[Scraped caption text data]
· · · · ·

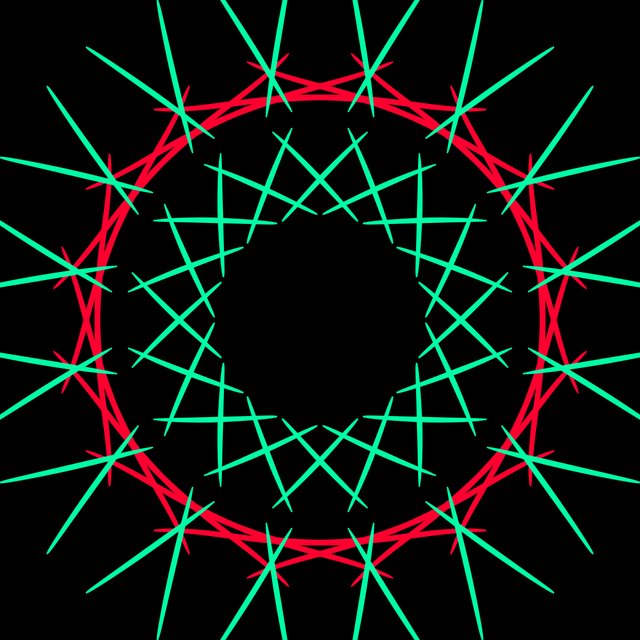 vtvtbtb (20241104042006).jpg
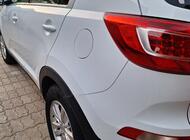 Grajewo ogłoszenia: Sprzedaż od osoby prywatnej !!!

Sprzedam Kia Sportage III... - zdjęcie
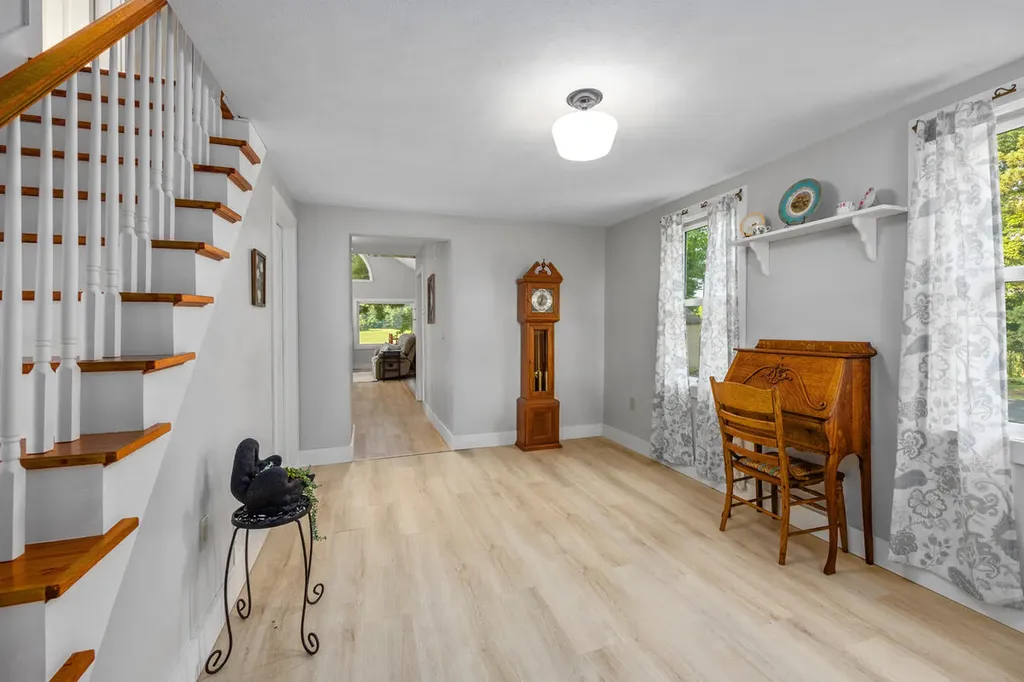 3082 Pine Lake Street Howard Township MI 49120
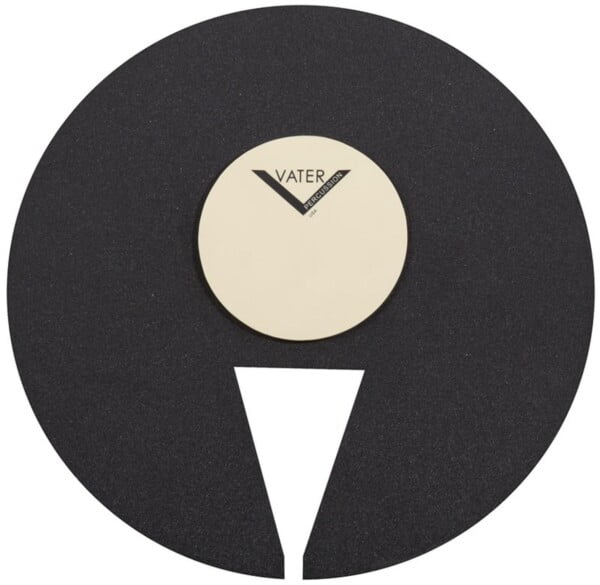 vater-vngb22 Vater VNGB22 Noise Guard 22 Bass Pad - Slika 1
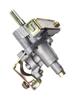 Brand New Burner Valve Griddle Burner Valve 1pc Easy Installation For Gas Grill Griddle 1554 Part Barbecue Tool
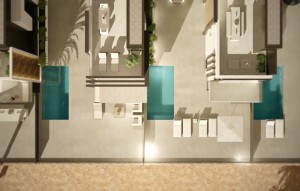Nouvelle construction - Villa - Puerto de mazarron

· · · · ·

Your assignment
Every line from the one with "vater-vngb22 Vater VNGB22" to the end of the records above should be restated word for word, and no picture belongs in the copy.

Solution for this exercise
 vater-vngb22 Vater VNGB22 Noise Guard 22 Bass Pad - Slika 1
 Brand New Burner Valve Griddle Burner Valve 1pc Easy Installation For Gas Grill Griddle 1554 Part Barbecue Tool
Nouvelle construction - Villa - Puerto de mazarron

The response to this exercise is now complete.